By Jared Mason

I reached a surprising milestone this year. I have been drawing for a quarter of a century. When I was a little kid, most of my drawings came in the form of doodles in the margins of notebooks or church programs. I would tear out the little corners and save them in pockets and or pencil boxes in my bedroom, usually only looking at them again when finding them buried in the back of a drawer or when cleaning out my school things. 

My first official drawing class was a cartooning class offered through the Naperville Park District at the Alfred Rubin center in downtown Naperville. I was probably 8 years old, so the drawing pad with its heavy, glossy, bleedproof finished pages was as big as my torso. My teacher was a small, sinewy man with bushy eyebrows and leaning posture that made him look almost like a cartoon character himself. He wore short sleeve dress shirts with a pack of cigarettes in the front pocket. He taught me the basics of proportion and depth, of scale and perspective, and I picked up some basic techniques for improving.

Recently, I found that drawing pad. The glue that held the pages in it is dry and flaking off, and, no surprise, the margins of the front cover are filled with doodles. I flipped through the old pages and was amazed to remember having drawn some of the pieces, I remembered what made me want to draw some of them.

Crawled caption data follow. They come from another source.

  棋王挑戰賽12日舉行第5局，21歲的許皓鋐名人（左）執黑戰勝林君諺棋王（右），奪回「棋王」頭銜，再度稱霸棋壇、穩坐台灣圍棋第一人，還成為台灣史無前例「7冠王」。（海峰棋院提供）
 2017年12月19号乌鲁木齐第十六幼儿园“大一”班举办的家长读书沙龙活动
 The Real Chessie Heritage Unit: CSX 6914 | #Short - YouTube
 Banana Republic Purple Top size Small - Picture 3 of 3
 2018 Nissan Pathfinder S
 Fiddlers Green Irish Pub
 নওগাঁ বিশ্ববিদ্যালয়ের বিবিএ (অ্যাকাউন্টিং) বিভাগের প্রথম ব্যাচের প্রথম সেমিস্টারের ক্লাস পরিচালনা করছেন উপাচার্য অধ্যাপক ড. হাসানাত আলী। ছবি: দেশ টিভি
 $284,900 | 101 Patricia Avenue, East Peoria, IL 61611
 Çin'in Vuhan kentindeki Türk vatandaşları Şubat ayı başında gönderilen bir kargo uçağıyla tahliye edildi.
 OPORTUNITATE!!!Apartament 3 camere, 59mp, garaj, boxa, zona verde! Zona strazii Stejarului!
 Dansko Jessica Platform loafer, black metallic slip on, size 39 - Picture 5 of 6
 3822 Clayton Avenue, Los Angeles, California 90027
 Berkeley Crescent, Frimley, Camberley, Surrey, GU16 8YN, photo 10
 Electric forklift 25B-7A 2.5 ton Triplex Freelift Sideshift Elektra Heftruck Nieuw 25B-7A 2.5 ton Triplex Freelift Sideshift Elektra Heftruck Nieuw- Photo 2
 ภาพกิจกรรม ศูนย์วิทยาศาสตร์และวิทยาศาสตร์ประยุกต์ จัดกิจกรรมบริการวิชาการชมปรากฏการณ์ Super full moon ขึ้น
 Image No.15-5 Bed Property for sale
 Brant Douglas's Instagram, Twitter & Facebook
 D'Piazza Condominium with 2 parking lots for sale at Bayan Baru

One piece stuck out to me in particular. 

It’s a picture of a bird person drawn in simple black lines. It’s wearing pants and a t-shirt and has little human hands sticking out of its wings, but without any sort of visual transition, they look like they are floating under the flippers of a whale.

The legs of the bird person are bent in a way to show that the knees are backwards from what human would have, and there are only a couple places where the lines of the ink go over each other. The feet are… well, they’re generally foot-shaped ovals. More of the idea of a foot than an actual representation of a foot.

I don’t write the description to be overly critical, but to describe the picture for those using assistive technology for visual impairment. And to be critical. Without reflection, there can be no growth. 

To celebrate my 25 year journey of drawing, I decided to take this drawing and re-do it in as close to the same style as possible. Here is the result.

This bird person has their wing outstretched like the first, but is much more bird-like, with feathers, scaled legs, and a beak that actually fits to its skull. Of course, I’ve had 25 years to observe and practice. 

When I was an English teacher, there would come opportunities to explain concepts through drawing pictures on the board. Students were often surprised at how much detail I was able to put into simple doodles of Scout Finch in her ham costume, or the cartoon polar bear I would draw to help explain prepositions. Usually, the surprise came at the speed at which I could draw these doodles. I would explain that it didn’t take a few seconds to draw out the map of the island from The Lord of the Flies, but years and years and a few seconds to do it. When you learn to draw, you’re learning a new way of communicating, which means you learn new ways of taking information in. And that takes practice. 

Practice doesn’t make perfect. Practice makes progress and progress is the piece that so many miss as the element to celebrate. We are so quick to look at final grades, to look at the score of a test, to look at the destination as the mark of success instead of looking at the progress being made. 

Celebrate the advances made. I’ve been drawing for 25 years, and my only hope is to keep getting better.